Bella Vista Babelfish: Tower » Artificial Intelligence

Home » xyzzy » Tower » Artificial Intelligence (a brief introduction)

Show: Today's Messages :: Polls :: Message Navigator
E-mail to friend

Artificial Intelligence [message #88840]

Sun, 01 October 2023 17:59

Wayne Parham
Messages: 17
Registered: December 2000

Chancellor

I was a boy in the 1960s, and watched the first moon landing on television. The Apollo spaceship didn't have warp drive like the Enterprise from the Star Trek television series I loved, but the moon landing had the benefit of being a non-fiction, real-life actual event. Those were incredible times.

And becoming a teenager in the 1970s was just as exciting. I was too young to appreciate the difficulties of the economy - probably America's first difficult time since WWII - but I was not too young to appreciate the excitements of advances in electronics and computer technologies. It was the perfect time for a boy like me to come of age, because I was able to afford one of the first kinds of computers that most anyone could own, a microcomputer. My first one was a Synertek System's Sym-1, which was a fairly competent machine with a BASIC interpreter in ROM and enough memory to write simple programs. It also has a lot of digital I/O lines, which made it a perfect system for robotics, which I loved.

In 1976, the first Star Wars movie came out. I loved the robots, and thought to myself, I could build R2-D2. Easy to build, really, pretty much just a platform with the Sym-1 for a brain, two stepper-motors to drive two wheels and a trailing passive castor wheel for a third. The June '77 issue of Byte Magazine had an article about a similar robot called NEWT that had a camera for input, and could recognize a wall socket to plug itself into when low on batteries. All super cool and so do-able. The software was rules-based, an importance-rated hierarchy of status and environmental possibilities and appropriate responses. I even designed a miniature version with reduced capabilities that I considered selling as a toy.

A few things happened around that same time that had a large influence upon me. First was Douglas Hofstadter's book, "Gödel, Escher, Bach." That was both inspirational and philosophical, and I loved some parts and hated others but it definitely made an impact, especially "Ant Fugue." Another was learning about neural networks and seeing Marvin Minsky's Artificial Intelligence lab at MIT.

Sadly, my first introduction to neural networks was at a time they were being somewhat dismissed but within a few years, new approaches were being discussed like a methodology called subsumption architecture and improved multi-layered neural networks using backpropagation for training. Those both caught my attention.

Rules-based software is probably the most common form of machine intelligence, and it's called "symbolic artificial intelligence." Most software - really, whether it is supposed to be "artificial intelligence" or not - is a set of rules codified in a computer program. That's what the software in a general purpose computer does: It takes input of some kind, then makes some decisions based on the input and takes actions. These inputs can be from sensors and actions can be made by motor movements. Or the inputs can be from a keyboard and the action can be to display images on a screen.

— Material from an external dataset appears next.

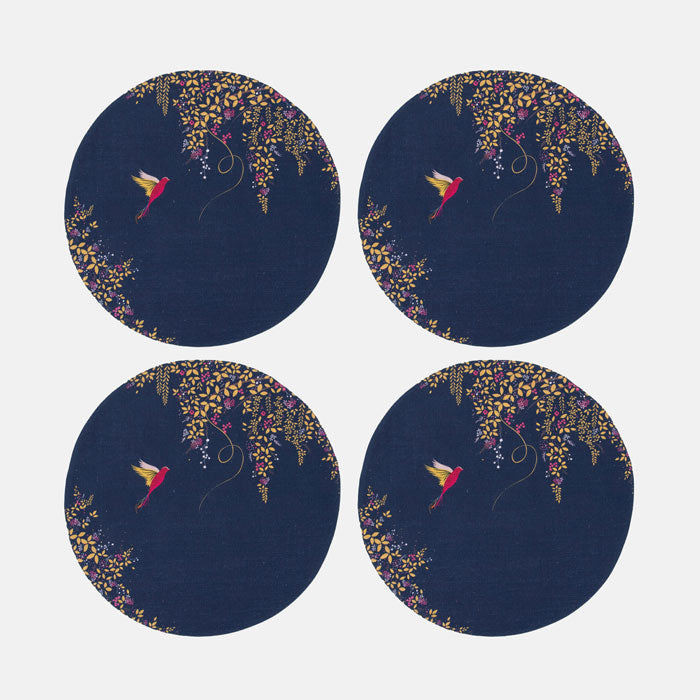 Set of four identical round placemats with floral and bird design on a dark blue background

One popular type of artificial intelligence program is called an "expert system," which uses a series of rules to suggest possibilities in a particular field that replicate what an expert specialist in that field might suggest. At its core is database or "knowledge base" and a rules engine, sometimes also called an inference engine.

There's another kind of machine intelligence called "sub-symbolic artificial intelligence" that has been a little more controversial over the years. It is the one I'm most fascinated by because it is essentially built with logic circuits that most closely emulate neurons in the human (and other animals) brains and nervous systems. Systems with these simulated neurons are called "neural networks." This approach has been around as long as symbolic AI, but it has come and gone in popularity over the years.

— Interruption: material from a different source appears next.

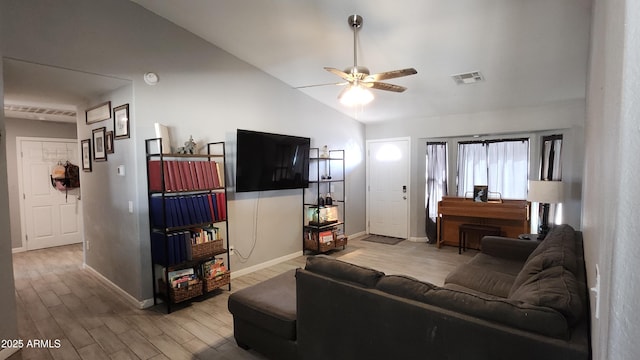 living area with wood finished floors, baseboards, visible vents, ceiling fan, and vaulted ceiling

You can visualize the difference between symbolic and sub-symbolic systems using an analog of your own mental processes. When you think a conscious thought - perhaps balancing your checkbook or writing a document - you are using symbolic processing. Your thoughts are like an internal dialog of instructions, plans of something you intend to do. You carry those plans out mentally, taking some actions or making mental notes of what to do next. All of those instructions can be "accessed" - you can describe the process verbally or you can write it down.

On the other hand, when you form a habit or when you practice something physical, you are using sub-symbolic processing. You aren't so much thinking about what you need to do, but are rather "just doing it." You are practicing the task you need to perform, improving with each attempt. The things you "learn" are subtle, minute corrections. It's not so easy to describe the process or the ways you have improved. In fact, you do not know exactly what corrections you have made. You just seem to get better with practice.

This is very much the same way these kinds of machine intelligence systems are codified. Symbolic systems are essentially rules based and the rules can be easily recorded, modified and described. Sub-symbolic systems are iteratively trained, with minute corrections made after each iteration. The resulting state is a little less easy to quantify or to modify in a deterministic fashion. You can continually train a neural network - and you can record its entire state - but it isn't as easy to describe like you would a set of rules.

More traditional rules-based systems have seen less volatility in their popularity because all conventional computer programs are rules-based, whether or not they are described as AI or not. I think this has been one of the reasons that symbolic AI has been more common, at least over the long haul. There are a lot of applications that have been written in the last fifty years that used symbolic AI in some form. One could make the argument that all computer programs are symbolic AI, in at least some sense.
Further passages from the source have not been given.